Мда. 400 км на электричках   ::   
Бедный мальчик!   ::

----------


## Scorpio

> Мда. 400 км на электричках    
> Бедный мальчик!

 Ну, это ерунда.
Мне попадался где-то сайт любителей экстремального туризма, на тему "Как объездить всю страну, не заплатив ни копейки."
По сравнению с некоторыми рассказами ("Как я ехал от Москвы до Питера в железном ящике под вагоном", "От Москвы до Ставрополя на крыше вагона, но как следует привязавшись" и пр. в том же духе...) какие-то 400 км на электричках не особенно впечатляют.  ::

----------


## Ramil

> Originally Posted by kalinka_vinnie  Мда. 400 км на электричках    
> Бедный мальчик!     Ну, это ерунда.
> Мне попадался где-то сайт любителей экстремального туризма, на тему "Как объездить всю страну, не заплатив ни копейки."
> По сравнению с некоторыми рассказами ("Как я ехал от Москвы до Питера в железном ящике под вагоном", "От Москвы до Ставрополя на крыше вагона, но как следует привязавшись" и пр. в том же духе...) какие-то 400 км на электричках не особенно впечатляют.

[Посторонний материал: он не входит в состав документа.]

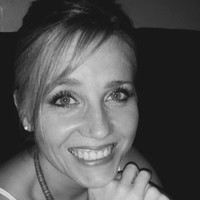 Kelly Saunders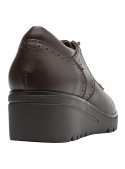 Calzado oxford marrón de cuero para mujer, combina elegancia y modernidad con su plataforma y detalles perforados.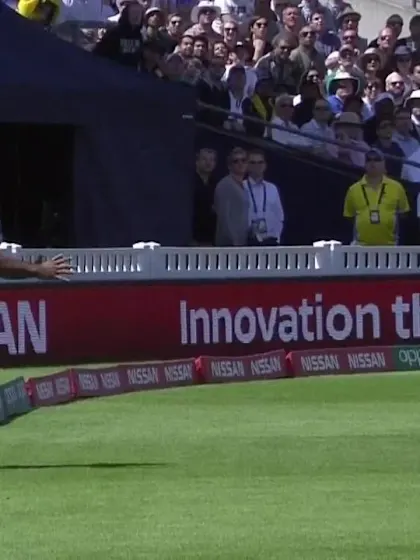 DROPPED: Faf du Plessis survives as Malinga misjudges the catch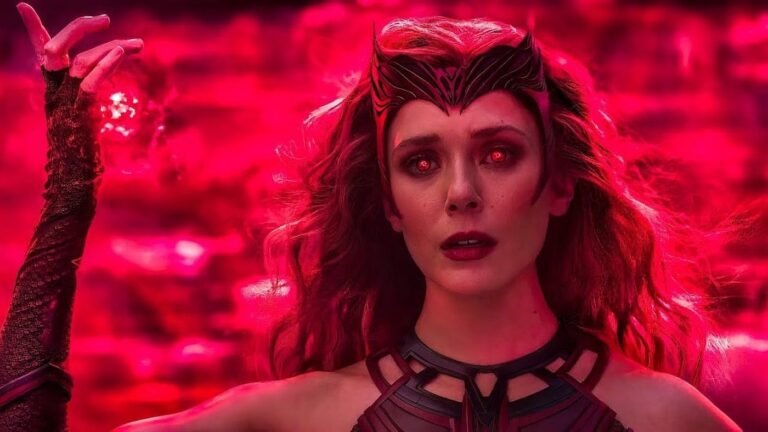 Cómo crear un disfraz de Scarlet Witch de los Avengers fácilmente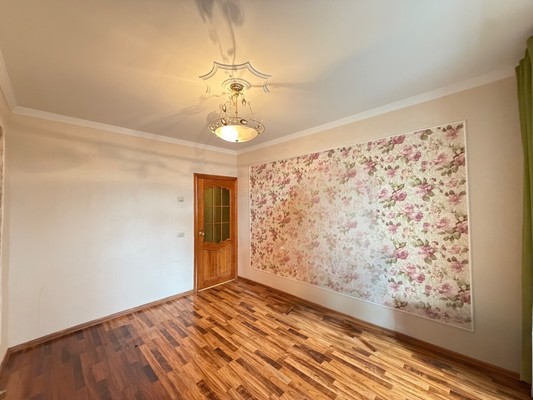 Продам трехкомнатную (3-комн.) квартиру, Тарчокова ул, 54, Нальчик г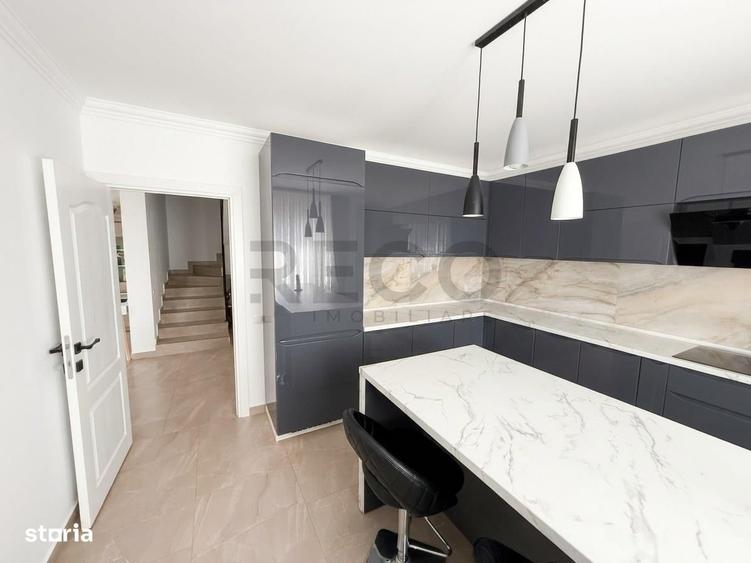 Casă cu 4 camere cu Teren 290 Mp în Sântandrei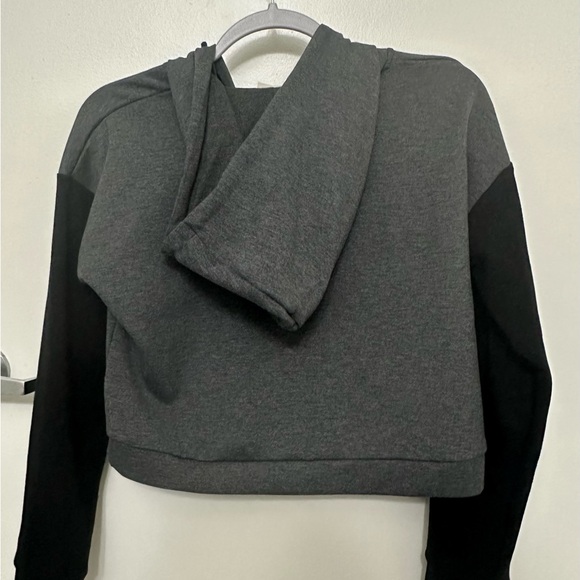 Woman’s Gymshark Two-Toned, Crop Jacket - Picture 5 of 7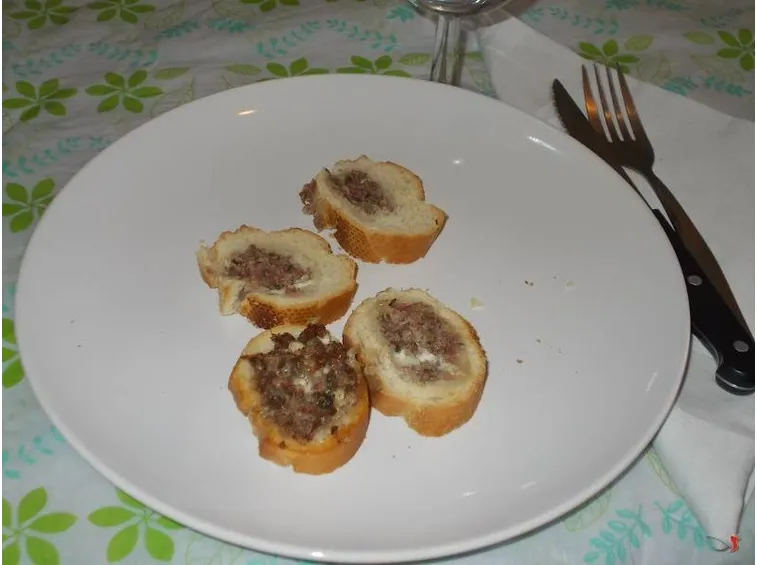 I crostini alle salsicce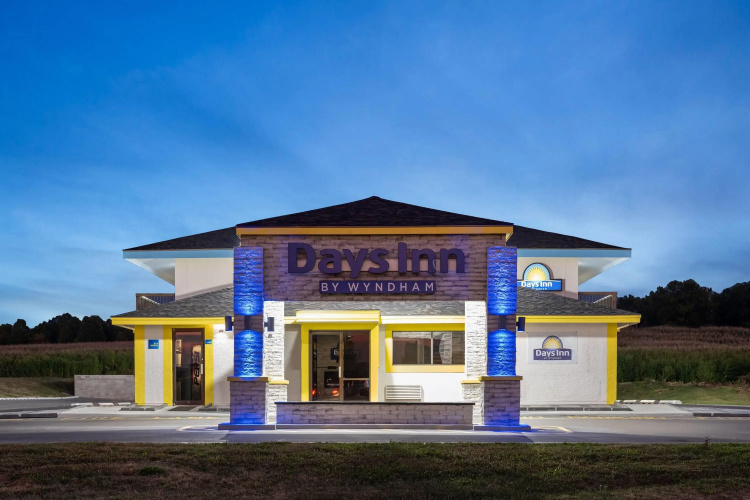 Days Inn By Wyndham Cloverdale Greencastle - Cloverdale, IN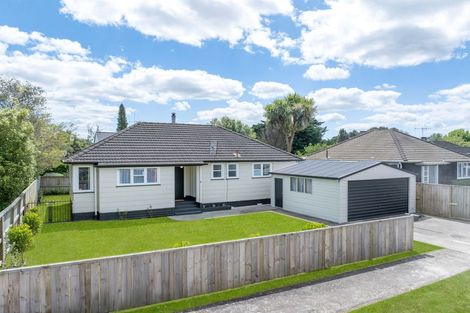Photo of property in 1 Moule Place, Fairfield, Hamilton, 3214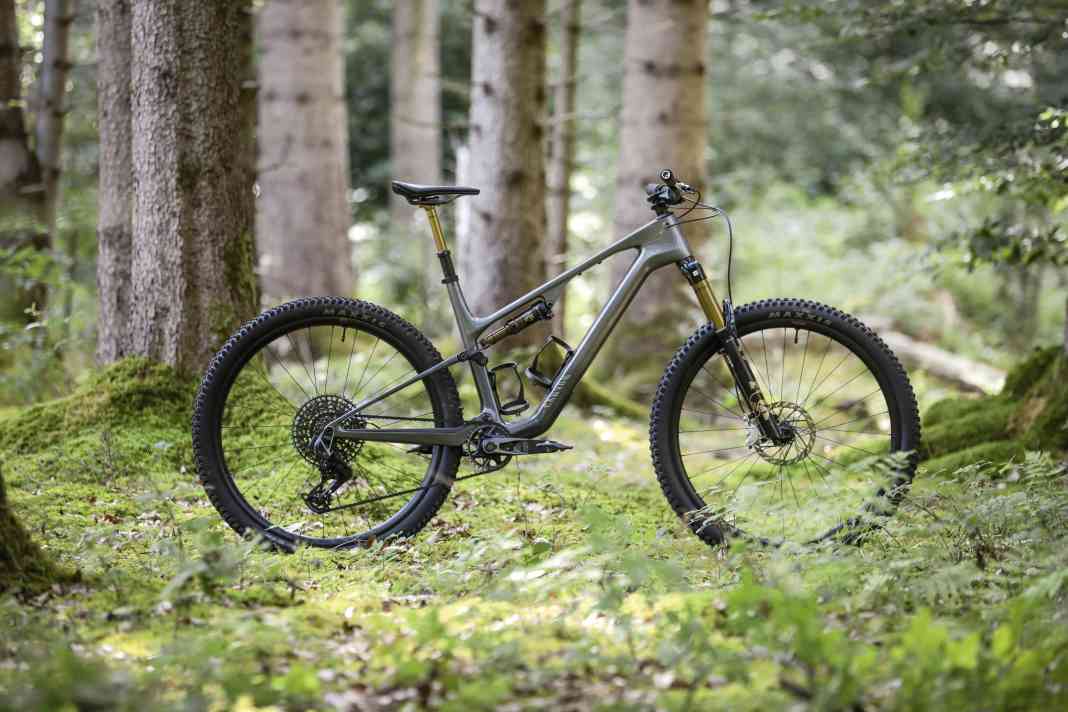 Mit 12,3 Kilo und 140, beziehungsweise 125 Millimetern Federweg kommt das neue Canyon Lux Trail CF9 als leichtes Trailbike daher.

 Экстрим - это отсутствие туалетов  ::

----------


## Scorpio

> Экстрим - это отсутствие туалетов

 В рассмотренном случае, пожалуй, да.  ::

----------


## Юрка

Полтора года назад стал в своей квартире менять электрический счётчик. Решил поставить двухтарифный для экономии денег ночью. Купил шведский Delta singl за 100$. Но он электронный и не любит скачков напряжения. Поэтому дополнительно купил быстродействующий электронный прибор для защиты от скачков напряжения типа ЗАС (100$). За год работы сэкономил благодаря ночному тарифу 10$. После чего счётчик "гавкнулся" (табло погасло навсегда). Опять поставил новый счётчик за 100$. Посмотрим, на сколько его хватит. А в общем, учитывая качество электричества в наших сетях, нужно ставить обычные долговечные индукционные счётчики за 30$ и не выпендриваться...

----------


## Юрка

Меня один раз приняли за скинхеда. Иду вечером в кожаной куртке, после работы недовольный и уставший, взгляд пристальный. Пешеходов мало. Навстречу идёт молодая китаянка (наверное студентка). Когда встретились, из её кармана донеслось "здравствуйте!". 
Теперь я на иностранцев не смотрю чтобы не пугать.

----------


## BappaBa

> Иду вечером в кожаной куртке

 Скины обычно ходят в "бомберах".

----------


## Юрка

Однажды я решил: "буду экономить электроэнергию" и накупил энергосберегающих лампочек. Теперь при каждом визите контролёр энергосбыта задумчиво произносит: "Что-то у вас потребление маленькое. В схеме "накручено" наверное. Надо бы вас проверить..." И заставляет бегать по квартире, втыкая в каждую розетку утюг. Сама в это время проверяет реакцию счётчика. Однако, хлопотное это дело, энергосбережение...   ::

----------


## net surfer

> Однажды я решил: "буду экономить электроэнергию" и накупил энергосберегающих лампочек. Теперь при каждом визите контролёр энергосбыта задумчиво произносит: "Что-то у вас потребление маленькое. В схеме "накручено" наверное. Надо бы вас проверить..." И заставляет бегать по квартире, втыкая в каждую розетку утюг. Сама в это время проверяет реакцию счётчика. Однако, хлопотное это дело, энергосбережение...  :?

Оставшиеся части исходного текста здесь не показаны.